It’s been a sad few days for me as I suffered the loss of my best priest friend who has been an inspiration for me ever since I met him in 1979. Fr John Heinlein passed away on Sunday April 14, on Long Island, aged 90. He was the priest who inspired me to go to the USA and spend 35 glorious years there serving for 10 years with him from 1981 to 1991 at Holy Spirit Church in New Hyde Park, NY. Our friendship continued over the years and he even replaced me for a few weeks on 2 occasions when I was in Baker City, Oregon. He was retired and spent his last few months at a Retirement Home for priests. Besides being a role model for me, he was also a teacher, a pastoral tool that is affecting me to this day in the way I celebrate Mass and perform pastoral work with the people I serve. He taught me how to drive, how to preach effectively, how to run a lively, happy parish. His hobbies and mine were similar, as we both loved sports, although his were more adventurous and dangerous, water skiing and snow-skiing. Moreover he was a qualified flight instructor and a professional pilot. We shared many jokes, stories and trips in his turquoise Volkswagen.
I recall various anecdotes, including some funny ones with his identical twin brother Joe. A hilarious story happened when some of his priest friends were vacationing in Fort Lauderdale, Florida and thought they saw him walking in a romantic embrace with a beautiful blonde. Returning home they called him, concerned about his vocation, only to be told that who they saw with that blonde was his twin brother with his wife Jolene. When I arrived in New Hyde Park in 1981, I was the sixth priest in the parish, but before you know, we were 5, then 4, then 3, and by 1991, just the two of us in a big parish. He was loved by everybody, and supported all the projects I did, especially with the Catholic school, which I visited daily, teaching in all the classes, besides working with the youth in our Teen Club. I cherish the long trips we did together to Lake Placid in the summer and Hunter Mountain during the winter skiing season.
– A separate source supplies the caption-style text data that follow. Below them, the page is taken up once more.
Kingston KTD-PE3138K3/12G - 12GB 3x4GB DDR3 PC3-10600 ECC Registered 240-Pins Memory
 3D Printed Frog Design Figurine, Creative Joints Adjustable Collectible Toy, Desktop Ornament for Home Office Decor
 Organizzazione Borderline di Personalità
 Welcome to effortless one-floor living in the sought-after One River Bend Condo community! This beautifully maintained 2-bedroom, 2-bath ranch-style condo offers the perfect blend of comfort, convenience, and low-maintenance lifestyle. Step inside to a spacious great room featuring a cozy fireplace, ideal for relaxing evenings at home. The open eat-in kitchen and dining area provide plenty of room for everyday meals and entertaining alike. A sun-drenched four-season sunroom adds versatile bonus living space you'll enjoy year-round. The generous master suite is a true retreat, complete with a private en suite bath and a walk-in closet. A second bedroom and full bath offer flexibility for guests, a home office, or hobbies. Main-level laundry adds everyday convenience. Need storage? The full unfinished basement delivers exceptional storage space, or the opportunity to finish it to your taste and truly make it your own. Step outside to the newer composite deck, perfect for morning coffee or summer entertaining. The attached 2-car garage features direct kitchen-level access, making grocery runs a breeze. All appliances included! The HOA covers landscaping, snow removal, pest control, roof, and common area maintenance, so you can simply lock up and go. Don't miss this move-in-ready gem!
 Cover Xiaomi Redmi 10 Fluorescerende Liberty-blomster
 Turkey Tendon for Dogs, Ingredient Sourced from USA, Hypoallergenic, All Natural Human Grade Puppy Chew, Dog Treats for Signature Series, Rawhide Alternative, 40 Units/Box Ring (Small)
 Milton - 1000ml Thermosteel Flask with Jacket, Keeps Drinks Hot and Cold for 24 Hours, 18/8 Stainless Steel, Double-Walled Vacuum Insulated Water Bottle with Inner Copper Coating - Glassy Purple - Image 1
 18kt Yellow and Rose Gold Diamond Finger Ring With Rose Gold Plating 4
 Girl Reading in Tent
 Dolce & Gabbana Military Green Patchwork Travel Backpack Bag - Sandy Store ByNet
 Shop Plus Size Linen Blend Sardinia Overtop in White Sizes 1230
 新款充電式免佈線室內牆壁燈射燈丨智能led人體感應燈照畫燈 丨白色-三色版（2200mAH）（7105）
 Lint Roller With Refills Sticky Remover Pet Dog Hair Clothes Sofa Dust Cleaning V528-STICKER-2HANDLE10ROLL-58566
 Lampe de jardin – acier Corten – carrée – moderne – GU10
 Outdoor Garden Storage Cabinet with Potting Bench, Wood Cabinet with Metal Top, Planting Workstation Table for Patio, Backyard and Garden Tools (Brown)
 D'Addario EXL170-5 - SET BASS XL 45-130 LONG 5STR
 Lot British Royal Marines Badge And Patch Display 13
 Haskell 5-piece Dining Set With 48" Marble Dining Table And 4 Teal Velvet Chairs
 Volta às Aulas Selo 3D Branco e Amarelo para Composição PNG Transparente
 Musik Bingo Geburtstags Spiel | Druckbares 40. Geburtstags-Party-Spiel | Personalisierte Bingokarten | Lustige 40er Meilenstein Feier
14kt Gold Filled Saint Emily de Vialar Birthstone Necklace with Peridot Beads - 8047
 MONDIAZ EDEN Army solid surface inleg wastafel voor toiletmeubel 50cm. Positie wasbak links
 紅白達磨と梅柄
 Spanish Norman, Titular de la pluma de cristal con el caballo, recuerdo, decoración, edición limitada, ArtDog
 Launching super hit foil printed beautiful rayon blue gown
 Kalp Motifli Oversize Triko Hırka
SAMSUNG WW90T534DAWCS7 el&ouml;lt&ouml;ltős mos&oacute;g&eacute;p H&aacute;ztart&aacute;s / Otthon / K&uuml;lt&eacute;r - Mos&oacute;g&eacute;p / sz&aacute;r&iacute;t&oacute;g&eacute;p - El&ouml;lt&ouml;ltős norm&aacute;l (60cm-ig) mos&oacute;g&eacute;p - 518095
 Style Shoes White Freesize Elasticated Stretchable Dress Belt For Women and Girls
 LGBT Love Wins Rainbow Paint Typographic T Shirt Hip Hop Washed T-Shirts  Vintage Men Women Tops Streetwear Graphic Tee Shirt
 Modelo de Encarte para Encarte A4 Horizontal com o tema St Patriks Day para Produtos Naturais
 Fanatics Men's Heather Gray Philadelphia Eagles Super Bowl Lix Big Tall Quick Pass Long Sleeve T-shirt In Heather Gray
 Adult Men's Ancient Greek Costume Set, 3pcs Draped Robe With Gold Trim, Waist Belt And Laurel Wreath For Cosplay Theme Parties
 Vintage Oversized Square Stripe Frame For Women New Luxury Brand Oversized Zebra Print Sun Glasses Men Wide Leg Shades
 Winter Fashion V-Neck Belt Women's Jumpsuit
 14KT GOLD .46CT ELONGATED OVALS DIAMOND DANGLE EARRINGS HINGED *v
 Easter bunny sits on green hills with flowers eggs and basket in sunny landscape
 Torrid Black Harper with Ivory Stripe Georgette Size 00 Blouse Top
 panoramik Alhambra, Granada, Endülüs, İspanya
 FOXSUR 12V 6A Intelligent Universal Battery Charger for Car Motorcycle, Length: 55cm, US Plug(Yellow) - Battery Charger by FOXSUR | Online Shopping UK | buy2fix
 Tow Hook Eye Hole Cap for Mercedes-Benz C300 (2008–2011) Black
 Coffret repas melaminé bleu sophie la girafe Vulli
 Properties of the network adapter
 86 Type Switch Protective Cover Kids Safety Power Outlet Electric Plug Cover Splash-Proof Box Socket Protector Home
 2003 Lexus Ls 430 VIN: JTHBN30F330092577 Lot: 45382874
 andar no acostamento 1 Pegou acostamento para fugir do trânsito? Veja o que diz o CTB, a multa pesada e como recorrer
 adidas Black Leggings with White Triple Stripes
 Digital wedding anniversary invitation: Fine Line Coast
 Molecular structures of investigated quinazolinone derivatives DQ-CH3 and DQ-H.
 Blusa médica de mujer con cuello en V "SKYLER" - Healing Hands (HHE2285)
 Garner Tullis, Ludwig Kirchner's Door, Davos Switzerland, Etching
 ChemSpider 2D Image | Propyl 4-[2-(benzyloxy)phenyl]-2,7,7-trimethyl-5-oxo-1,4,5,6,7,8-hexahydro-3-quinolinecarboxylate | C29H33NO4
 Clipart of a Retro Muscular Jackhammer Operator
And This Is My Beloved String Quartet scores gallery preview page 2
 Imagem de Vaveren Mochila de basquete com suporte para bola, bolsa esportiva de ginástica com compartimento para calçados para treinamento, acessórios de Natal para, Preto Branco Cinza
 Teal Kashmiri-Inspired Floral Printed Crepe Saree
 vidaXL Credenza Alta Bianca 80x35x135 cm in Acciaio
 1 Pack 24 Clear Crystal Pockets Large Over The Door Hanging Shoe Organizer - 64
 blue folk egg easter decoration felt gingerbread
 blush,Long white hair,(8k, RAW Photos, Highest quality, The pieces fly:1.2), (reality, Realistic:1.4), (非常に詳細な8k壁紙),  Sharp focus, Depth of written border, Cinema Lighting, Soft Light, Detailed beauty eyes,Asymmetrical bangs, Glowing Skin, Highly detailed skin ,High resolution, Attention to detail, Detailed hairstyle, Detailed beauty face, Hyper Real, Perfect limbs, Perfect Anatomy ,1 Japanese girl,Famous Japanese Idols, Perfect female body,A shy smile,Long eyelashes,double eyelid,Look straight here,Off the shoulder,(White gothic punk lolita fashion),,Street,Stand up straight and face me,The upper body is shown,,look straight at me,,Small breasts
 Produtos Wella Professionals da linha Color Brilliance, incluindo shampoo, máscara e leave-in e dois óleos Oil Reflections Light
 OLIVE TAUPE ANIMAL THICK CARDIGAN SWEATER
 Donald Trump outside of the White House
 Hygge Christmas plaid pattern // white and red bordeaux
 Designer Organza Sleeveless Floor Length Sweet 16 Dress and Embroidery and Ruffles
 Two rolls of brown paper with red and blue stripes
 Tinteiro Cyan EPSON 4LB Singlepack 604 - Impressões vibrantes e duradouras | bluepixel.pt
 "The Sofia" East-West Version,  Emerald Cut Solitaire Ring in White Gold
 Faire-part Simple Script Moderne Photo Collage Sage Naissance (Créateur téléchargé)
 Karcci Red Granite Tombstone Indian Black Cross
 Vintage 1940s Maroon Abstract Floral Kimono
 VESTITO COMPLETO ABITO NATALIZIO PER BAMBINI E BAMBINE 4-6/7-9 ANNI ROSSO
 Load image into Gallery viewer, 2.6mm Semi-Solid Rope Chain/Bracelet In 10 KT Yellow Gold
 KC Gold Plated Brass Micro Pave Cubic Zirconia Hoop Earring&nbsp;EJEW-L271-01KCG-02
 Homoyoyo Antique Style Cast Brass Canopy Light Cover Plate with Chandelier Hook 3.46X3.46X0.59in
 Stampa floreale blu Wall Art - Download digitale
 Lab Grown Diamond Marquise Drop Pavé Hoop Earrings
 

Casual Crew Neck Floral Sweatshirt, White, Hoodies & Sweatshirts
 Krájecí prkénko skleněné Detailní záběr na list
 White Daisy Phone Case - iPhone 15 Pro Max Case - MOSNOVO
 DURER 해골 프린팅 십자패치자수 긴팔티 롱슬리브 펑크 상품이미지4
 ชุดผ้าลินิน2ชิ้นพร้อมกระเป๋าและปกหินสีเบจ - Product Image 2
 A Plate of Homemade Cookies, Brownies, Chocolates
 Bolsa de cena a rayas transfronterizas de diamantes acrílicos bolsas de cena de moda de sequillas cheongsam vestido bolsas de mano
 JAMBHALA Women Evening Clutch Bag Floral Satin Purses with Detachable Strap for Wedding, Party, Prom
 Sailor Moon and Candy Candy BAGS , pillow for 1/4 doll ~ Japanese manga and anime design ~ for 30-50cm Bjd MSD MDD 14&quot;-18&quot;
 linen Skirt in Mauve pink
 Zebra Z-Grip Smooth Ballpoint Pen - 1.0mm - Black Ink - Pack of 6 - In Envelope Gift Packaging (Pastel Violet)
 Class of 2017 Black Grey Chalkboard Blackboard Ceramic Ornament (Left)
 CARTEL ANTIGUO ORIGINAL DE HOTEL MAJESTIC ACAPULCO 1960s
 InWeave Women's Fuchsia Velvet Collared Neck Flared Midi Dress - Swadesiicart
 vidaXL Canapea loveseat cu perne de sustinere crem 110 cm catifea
He bailed me out of various uncomfortable, yet humorous situations, like when during a funeral I referred to a person as the executioner, when I should have said ‘executor’ of the will of the deceased. He was a true shepherd, and was able to make me one too, well, maybe a lamb. He was also very gracious and accommodating to my parents and siblings when they visited me, two of them staying in the rectory during their honeymoon. His life story was a spectacular rainbow of happy endeavours, dedicated service and sheer love of all that he did. His funeral was held at Saint Jude R.C. Church, Mastic Beach, (where he had served over the last few years,) on Friday, April 19, and interment followed at the Cemetery of the Holy Rood, Westbury, NY. May God grant him eternal rest.